━━━ Extracted information ━━━
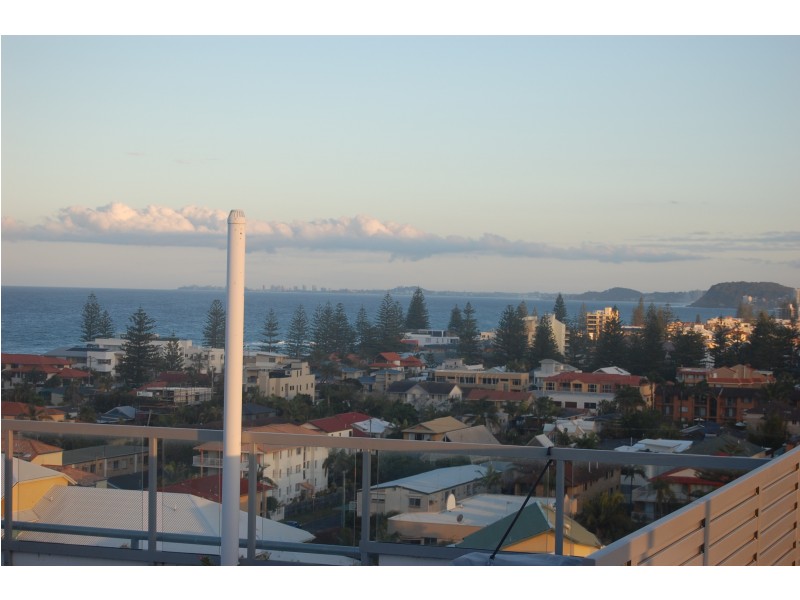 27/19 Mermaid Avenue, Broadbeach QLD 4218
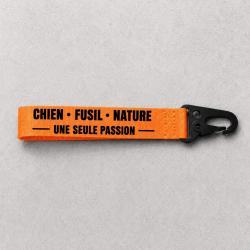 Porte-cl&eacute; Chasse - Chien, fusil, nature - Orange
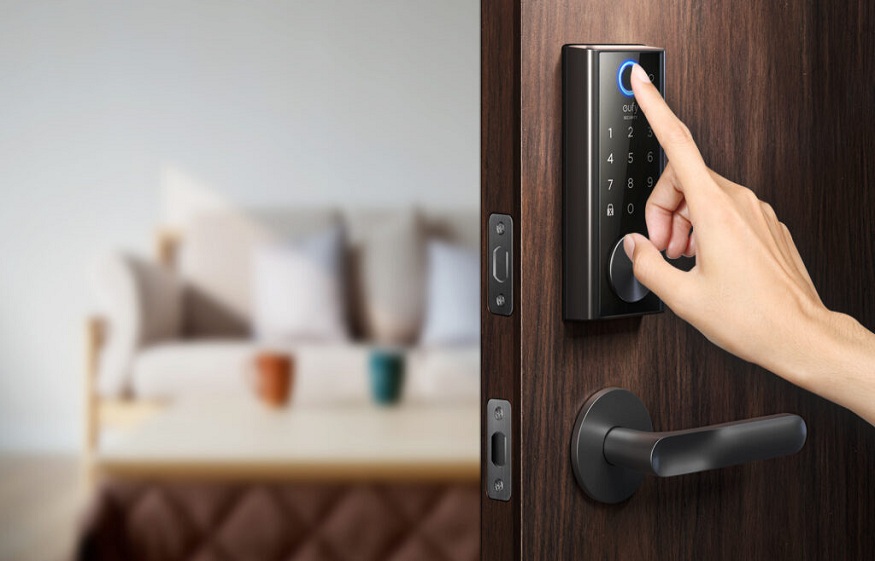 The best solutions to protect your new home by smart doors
━━━
━━━ Extracted information ━━━
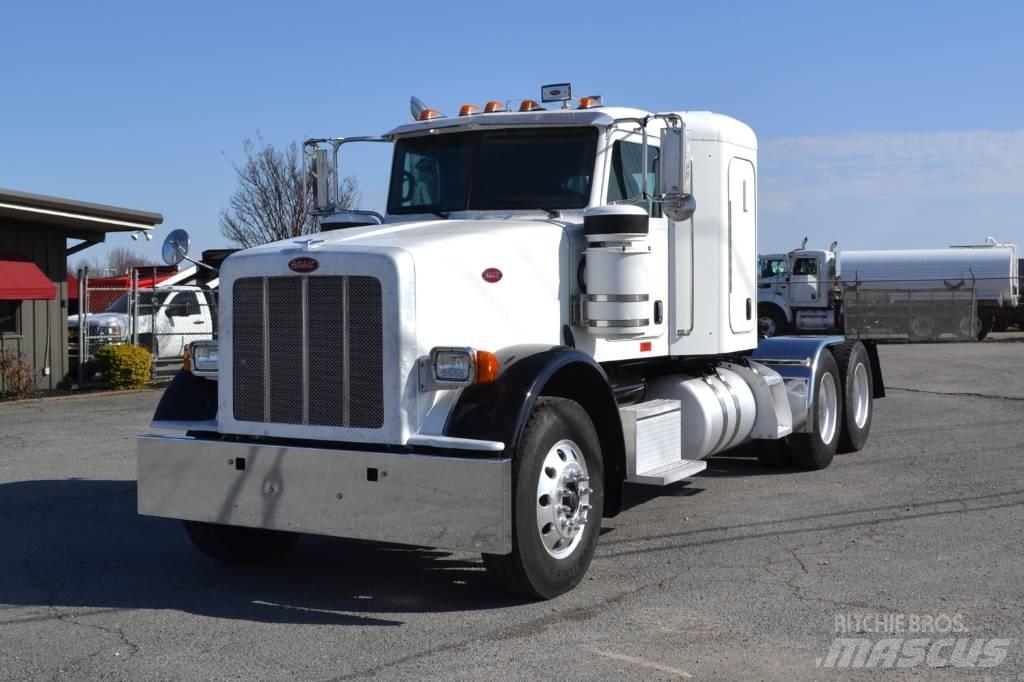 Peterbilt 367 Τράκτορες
━━━
━━━ Extracted information ━━━
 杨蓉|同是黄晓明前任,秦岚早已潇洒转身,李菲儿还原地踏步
━━━
Work to be completed: Output exactly the lines above, beginning at the one with "27/19 Mermaid Avenue, Broadbeach QLD 4218" and stopping after the one with "The best solutions". Pictures are to be omitted.

Written response:
 27/19 Mermaid Avenue, Broadbeach QLD 4218
 Porte-cl&eacute; Chasse - Chien, fusil, nature - Orange
 The best solutions to protect your new home by smart doors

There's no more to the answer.